> _Exercise directions_
Starting at the line that contains "Minimalist Leather Bomber Jacket", write out every line through the end of the records exactly as it stands, and leave out all pictures.
━━━━━━━━
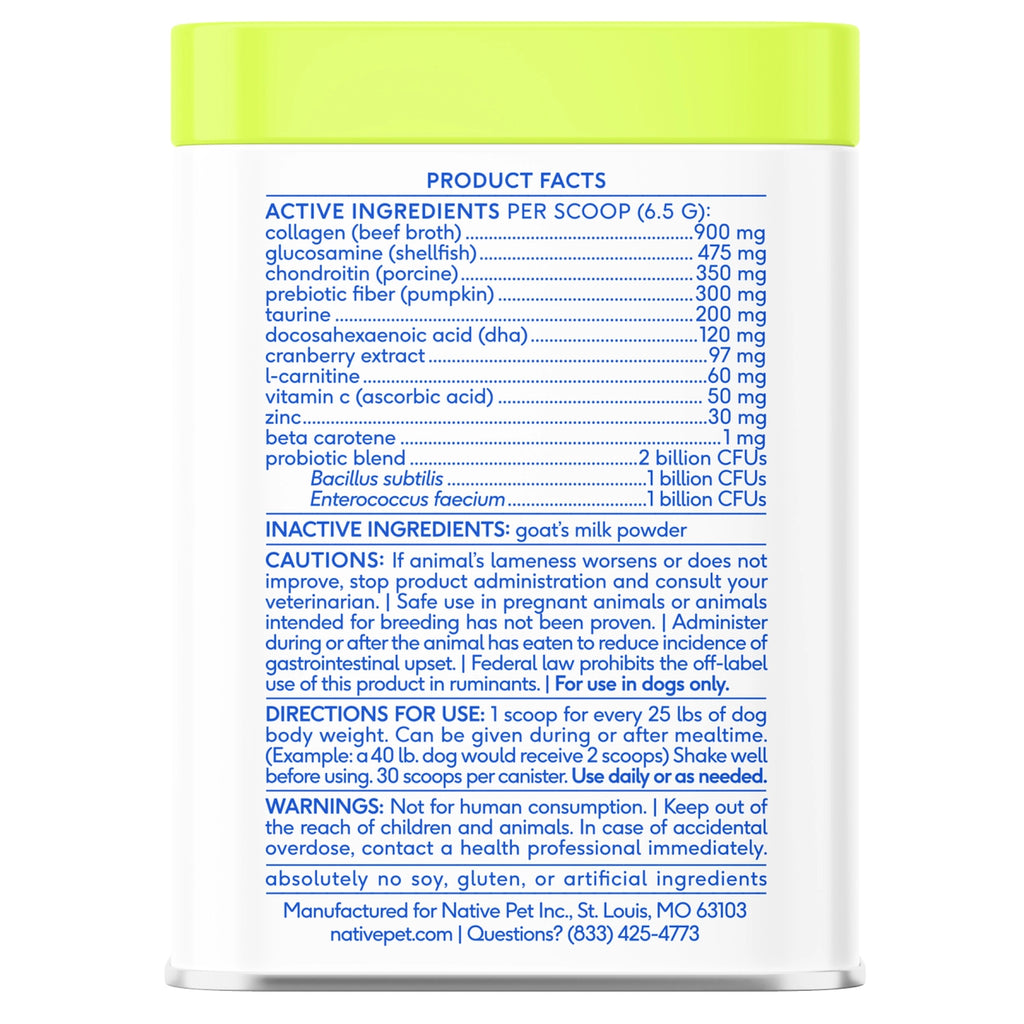 Native Pet The Daily Powder Supplement, 11-in-1 Multivitamins For Dogs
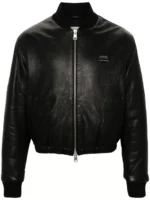 Minimalist Leather Bomber Jacket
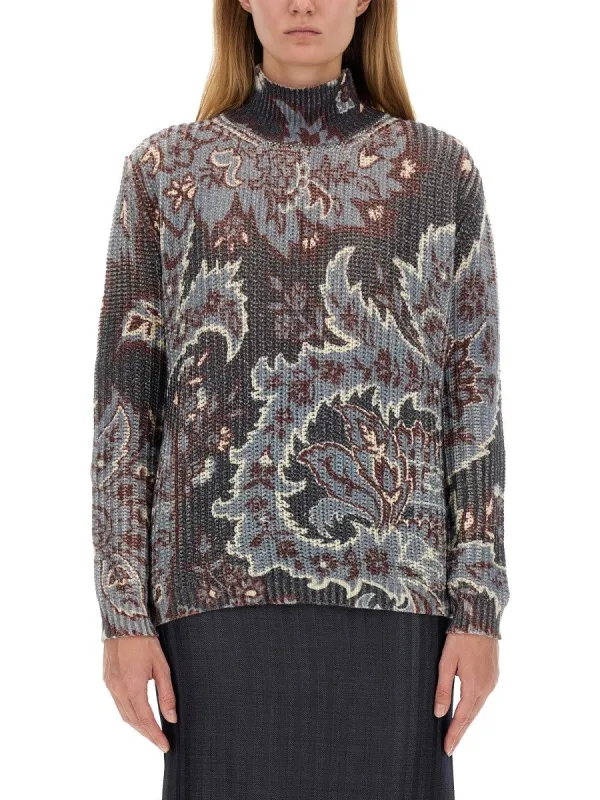 Etro PRINTED WOOL SWEATER sold by Siebentaschen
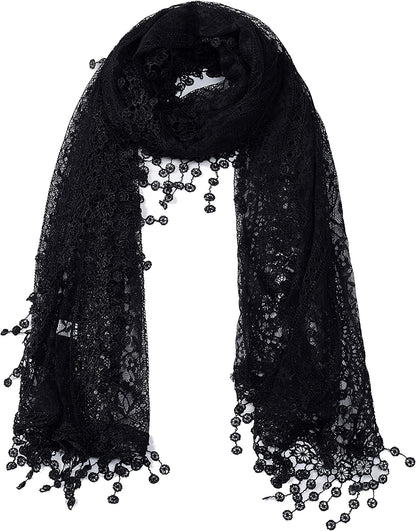Women'S Lightweight Feminine Lace Teardrop Fringe Lace Scarf Vintage Scarf Mesh Crochet Tassel Cotton Scarf for Women Apparel & Accessories > Clothing Accessories > Scarves & Shawls Tan's Black With Fringes  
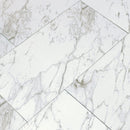 MSI Pietra Carrara 12x24 marble look glazed porcelain floor wall tile NCAR1224 product shot angle view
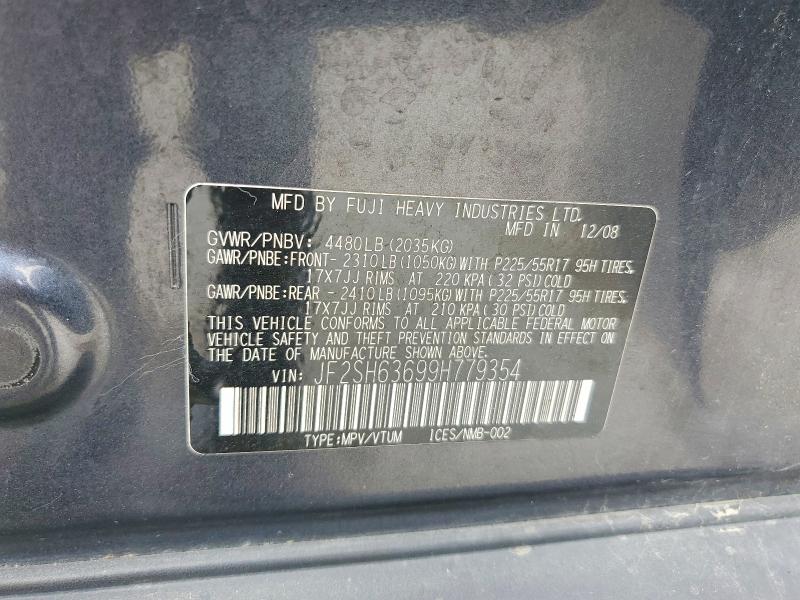 Aukcja sprzedaży 2009 Subaru Forester, vin: JF2SH63699H779354, numer aukcji: 54513406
━━━━━━━━
> _Solution for this exercise_
 Minimalist Leather Bomber Jacket
 Etro PRINTED WOOL SWEATER sold by Siebentaschen
Women'S Lightweight Feminine Lace Teardrop Fringe Lace Scarf Vintage Scarf Mesh Crochet Tassel Cotton Scarf for Women Apparel & Accessories > Clothing Accessories > Scarves & Shawls Tan's Black With Fringes  
 MSI Pietra Carrara 12x24 marble look glazed porcelain floor wall tile NCAR1224 product shot angle view
 Aukcja sprzedaży 2009 Subaru Forester, vin: JF2SH63699H779354, numer aukcji: 54513406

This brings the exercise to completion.